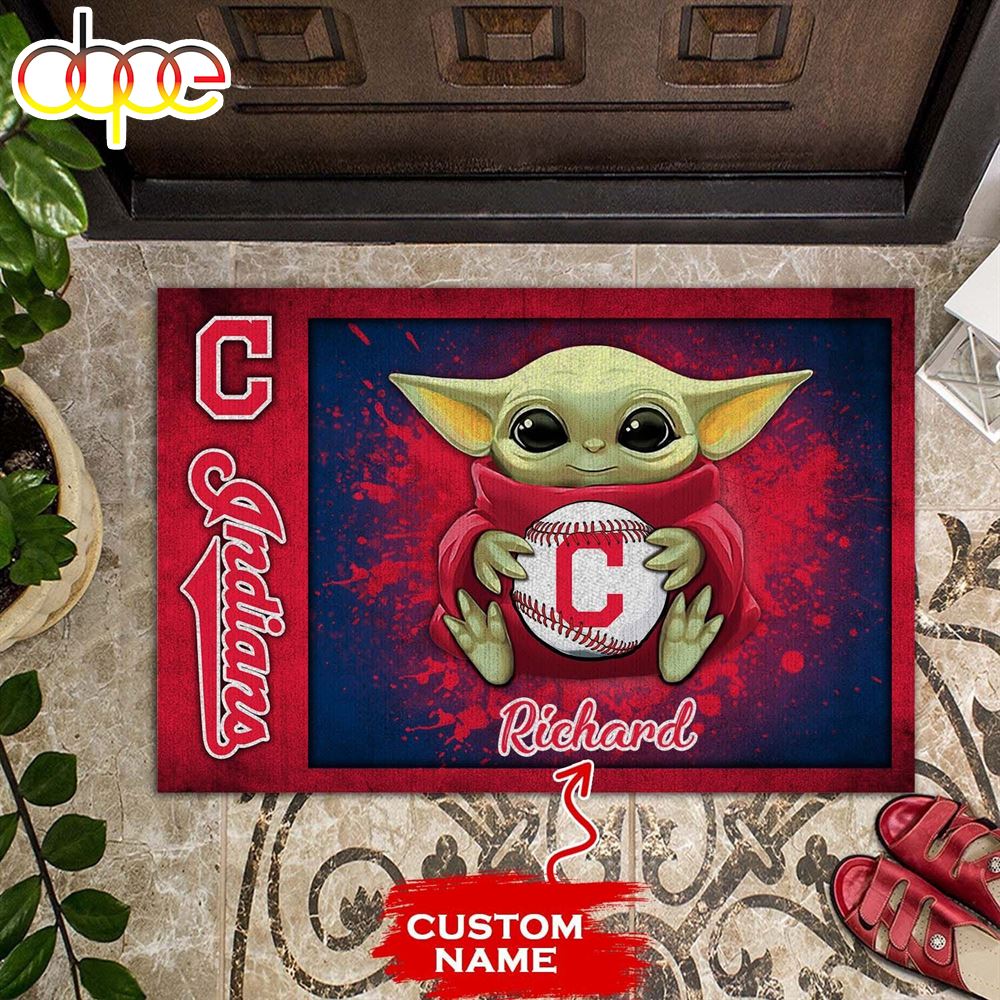 Personalized_Cleveland_Indians_Baby_Yoda_All_Over_Print_3D_Doormats_rfwaik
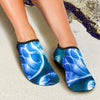 Blue Neon Sea Turtle Print Aqua Water Shoes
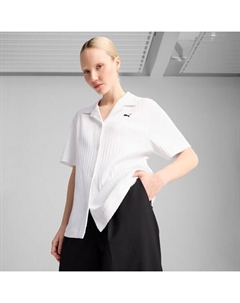 Женская рубашка с ажурным узором Wardrobe Essentials, белый Puma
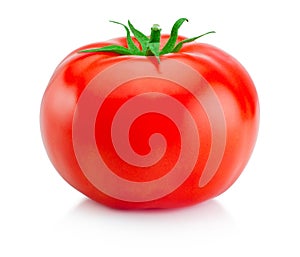 One juicy red tomato isolated on white background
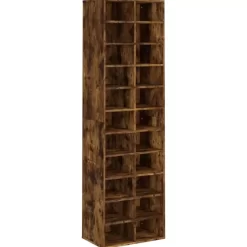 vidaXL Household Supplies* Shoe Cabinet Smoked Oak 21.3"X13.4"X72" Engineered Wood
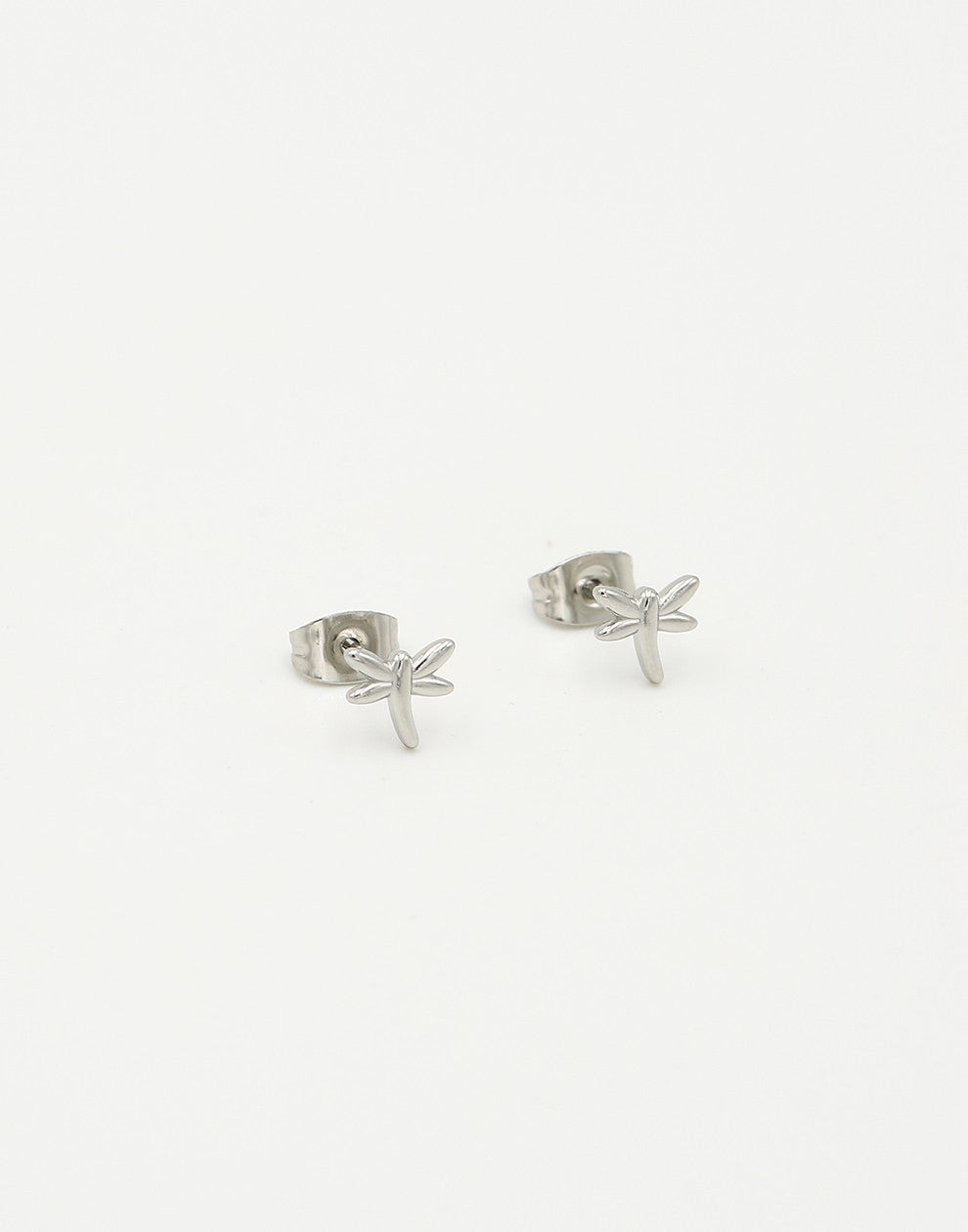 dragonfly studs silver-colored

◇ ◇ ◇

*What to produce*: Copy exactly the lines from the line that contains "Blue Neon Sea Turtle Print Aqua Water Shoes" through the last line of the records above, both ends included, but leave out the pictures.

*Solution for this exercise*:
 Blue Neon Sea Turtle Print Aqua Water Shoes
 Женская рубашка с ажурным узором Wardrobe Essentials, белый Puma
 One juicy red tomato isolated on white background
 vidaXL Household Supplies* Shoe Cabinet Smoked Oak 21.3"X13.4"X72" Engineered Wood
 dragonfly studs silver-colored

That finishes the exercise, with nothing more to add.